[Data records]
┌──
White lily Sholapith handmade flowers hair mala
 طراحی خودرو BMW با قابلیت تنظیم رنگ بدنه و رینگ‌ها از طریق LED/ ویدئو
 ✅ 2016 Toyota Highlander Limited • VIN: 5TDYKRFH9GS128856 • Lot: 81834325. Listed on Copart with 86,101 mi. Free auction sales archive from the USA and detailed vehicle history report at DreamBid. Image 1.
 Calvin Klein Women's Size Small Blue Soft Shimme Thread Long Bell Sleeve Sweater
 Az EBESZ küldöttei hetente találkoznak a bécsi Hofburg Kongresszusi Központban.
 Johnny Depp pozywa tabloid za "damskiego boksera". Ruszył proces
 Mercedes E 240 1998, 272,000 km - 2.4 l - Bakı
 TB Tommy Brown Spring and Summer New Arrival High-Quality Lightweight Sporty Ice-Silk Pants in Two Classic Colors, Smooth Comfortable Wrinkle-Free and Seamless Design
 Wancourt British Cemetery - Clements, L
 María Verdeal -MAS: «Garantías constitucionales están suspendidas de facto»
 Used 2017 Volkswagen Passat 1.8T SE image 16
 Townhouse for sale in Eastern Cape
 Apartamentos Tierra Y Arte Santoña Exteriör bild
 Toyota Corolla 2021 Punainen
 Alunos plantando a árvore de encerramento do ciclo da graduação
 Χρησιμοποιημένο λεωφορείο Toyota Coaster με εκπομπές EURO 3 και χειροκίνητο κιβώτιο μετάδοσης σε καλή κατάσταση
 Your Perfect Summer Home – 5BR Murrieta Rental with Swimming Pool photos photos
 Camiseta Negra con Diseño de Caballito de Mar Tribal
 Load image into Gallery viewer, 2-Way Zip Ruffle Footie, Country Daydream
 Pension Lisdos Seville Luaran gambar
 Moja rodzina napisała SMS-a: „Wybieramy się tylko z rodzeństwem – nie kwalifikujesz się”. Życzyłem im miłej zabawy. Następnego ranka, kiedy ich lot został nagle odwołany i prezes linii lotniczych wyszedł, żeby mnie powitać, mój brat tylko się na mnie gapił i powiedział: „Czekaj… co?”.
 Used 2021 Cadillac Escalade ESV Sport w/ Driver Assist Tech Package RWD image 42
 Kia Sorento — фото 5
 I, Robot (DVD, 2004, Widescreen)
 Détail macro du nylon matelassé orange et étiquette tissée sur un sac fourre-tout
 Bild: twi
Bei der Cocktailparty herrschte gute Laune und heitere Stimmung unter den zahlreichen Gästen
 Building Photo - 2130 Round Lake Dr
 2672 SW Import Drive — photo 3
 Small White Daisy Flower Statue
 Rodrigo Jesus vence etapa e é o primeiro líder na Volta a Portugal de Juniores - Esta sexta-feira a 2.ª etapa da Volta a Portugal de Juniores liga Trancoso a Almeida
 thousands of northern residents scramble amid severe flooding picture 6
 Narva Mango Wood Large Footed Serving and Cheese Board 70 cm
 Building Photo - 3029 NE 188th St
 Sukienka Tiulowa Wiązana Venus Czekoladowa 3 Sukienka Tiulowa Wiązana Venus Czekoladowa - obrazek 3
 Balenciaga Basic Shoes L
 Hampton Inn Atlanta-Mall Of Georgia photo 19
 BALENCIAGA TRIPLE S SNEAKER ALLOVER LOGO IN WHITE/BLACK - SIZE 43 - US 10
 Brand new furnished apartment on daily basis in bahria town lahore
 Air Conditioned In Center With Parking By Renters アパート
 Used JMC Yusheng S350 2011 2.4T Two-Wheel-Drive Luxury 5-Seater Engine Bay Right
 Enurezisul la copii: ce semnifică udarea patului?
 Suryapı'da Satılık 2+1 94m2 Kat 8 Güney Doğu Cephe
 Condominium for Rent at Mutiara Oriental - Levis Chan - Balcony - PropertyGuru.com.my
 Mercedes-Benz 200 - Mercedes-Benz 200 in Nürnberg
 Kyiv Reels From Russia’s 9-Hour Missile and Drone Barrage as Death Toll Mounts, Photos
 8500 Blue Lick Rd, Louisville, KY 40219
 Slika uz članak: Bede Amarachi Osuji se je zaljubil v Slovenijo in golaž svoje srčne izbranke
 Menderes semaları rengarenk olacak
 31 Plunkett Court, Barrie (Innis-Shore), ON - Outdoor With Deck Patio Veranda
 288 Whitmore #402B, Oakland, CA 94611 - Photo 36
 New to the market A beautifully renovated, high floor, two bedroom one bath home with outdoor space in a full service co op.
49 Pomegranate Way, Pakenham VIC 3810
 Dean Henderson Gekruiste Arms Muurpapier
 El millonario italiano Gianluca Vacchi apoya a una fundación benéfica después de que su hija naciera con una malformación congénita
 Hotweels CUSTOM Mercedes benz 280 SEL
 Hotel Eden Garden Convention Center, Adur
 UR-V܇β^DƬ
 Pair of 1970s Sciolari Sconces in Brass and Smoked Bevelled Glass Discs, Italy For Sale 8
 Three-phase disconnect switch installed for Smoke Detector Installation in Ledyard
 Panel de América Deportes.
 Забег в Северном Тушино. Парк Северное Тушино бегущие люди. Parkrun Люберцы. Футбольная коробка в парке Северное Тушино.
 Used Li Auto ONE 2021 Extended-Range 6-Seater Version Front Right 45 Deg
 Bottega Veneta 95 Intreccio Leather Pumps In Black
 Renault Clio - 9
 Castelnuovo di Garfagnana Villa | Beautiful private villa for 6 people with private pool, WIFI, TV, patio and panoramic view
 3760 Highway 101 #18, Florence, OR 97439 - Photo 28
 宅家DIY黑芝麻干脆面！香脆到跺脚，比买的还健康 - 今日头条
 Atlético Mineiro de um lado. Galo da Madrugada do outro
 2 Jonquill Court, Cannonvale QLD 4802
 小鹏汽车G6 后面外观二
└──
Above are some records; copy exactly the lines from the one with "Hotweels CUSTOM Mercedes benz 280 SEL" through the one with "宅家DIY黑芝麻干脆面！香脆到跺脚，比买的还健康 - 今日头条", both included, and no others.

 Hotweels CUSTOM Mercedes benz 280 SEL
 Hotel Eden Garden Convention Center, Adur
 UR-V܇β^DƬ
 Pair of 1970s Sciolari Sconces in Brass and Smoked Bevelled Glass Discs, Italy For Sale 8
 Three-phase disconnect switch installed for Smoke Detector Installation in Ledyard
 Panel de América Deportes.
 Забег в Северном Тушино. Парк Северное Тушино бегущие люди. Parkrun Люберцы. Футбольная коробка в парке Северное Тушино.
 Used Li Auto ONE 2021 Extended-Range 6-Seater Version Front Right 45 Deg
 Bottega Veneta 95 Intreccio Leather Pumps In Black
 Renault Clio - 9
 Castelnuovo di Garfagnana Villa | Beautiful private villa for 6 people with private pool, WIFI, TV, patio and panoramic view
 3760 Highway 101 #18, Florence, OR 97439 - Photo 28
 宅家DIY黑芝麻干脆面！香脆到跺脚，比买的还健康 - 今日头条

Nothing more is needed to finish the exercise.